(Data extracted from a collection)
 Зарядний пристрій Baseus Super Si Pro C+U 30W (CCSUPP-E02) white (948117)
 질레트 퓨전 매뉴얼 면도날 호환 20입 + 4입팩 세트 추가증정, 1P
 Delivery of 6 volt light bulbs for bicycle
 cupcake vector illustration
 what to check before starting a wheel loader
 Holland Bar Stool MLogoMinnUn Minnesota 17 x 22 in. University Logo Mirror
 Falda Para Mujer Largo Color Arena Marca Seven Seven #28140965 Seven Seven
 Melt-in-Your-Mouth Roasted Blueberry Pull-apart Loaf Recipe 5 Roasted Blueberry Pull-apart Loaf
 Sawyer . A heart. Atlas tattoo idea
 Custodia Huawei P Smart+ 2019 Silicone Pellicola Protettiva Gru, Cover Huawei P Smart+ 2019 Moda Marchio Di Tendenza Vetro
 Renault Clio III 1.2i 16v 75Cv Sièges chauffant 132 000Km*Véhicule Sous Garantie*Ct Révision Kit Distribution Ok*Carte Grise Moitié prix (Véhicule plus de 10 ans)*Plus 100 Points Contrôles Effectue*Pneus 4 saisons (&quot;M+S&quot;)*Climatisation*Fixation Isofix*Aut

◆ WHAT YOU WILL DO
Set down each entry above again exactly as it reads.

◆ YOUR RESPONSE
 Зарядний пристрій Baseus Super Si Pro C+U 30W (CCSUPP-E02) white (948117)
 질레트 퓨전 매뉴얼 면도날 호환 20입 + 4입팩 세트 추가증정, 1P
 Delivery of 6 volt light bulbs for bicycle
 cupcake vector illustration
 what to check before starting a wheel loader
 Holland Bar Stool MLogoMinnUn Minnesota 17 x 22 in. University Logo Mirror
 Falda Para Mujer Largo Color Arena Marca Seven Seven #28140965 Seven Seven
 Melt-in-Your-Mouth Roasted Blueberry Pull-apart Loaf Recipe 5 Roasted Blueberry Pull-apart Loaf
 Sawyer . A heart. Atlas tattoo idea
 Custodia Huawei P Smart+ 2019 Silicone Pellicola Protettiva Gru, Cover Huawei P Smart+ 2019 Moda Marchio Di Tendenza Vetro
 Renault Clio III 1.2i 16v 75Cv Sièges chauffant 132 000Km*Véhicule Sous Garantie*Ct Révision Kit Distribution Ok*Carte Grise Moitié prix (Véhicule plus de 10 ans)*Plus 100 Points Contrôles Effectue*Pneus 4 saisons (&quot;M+S&quot;)*Climatisation*Fixation Isofix*Aut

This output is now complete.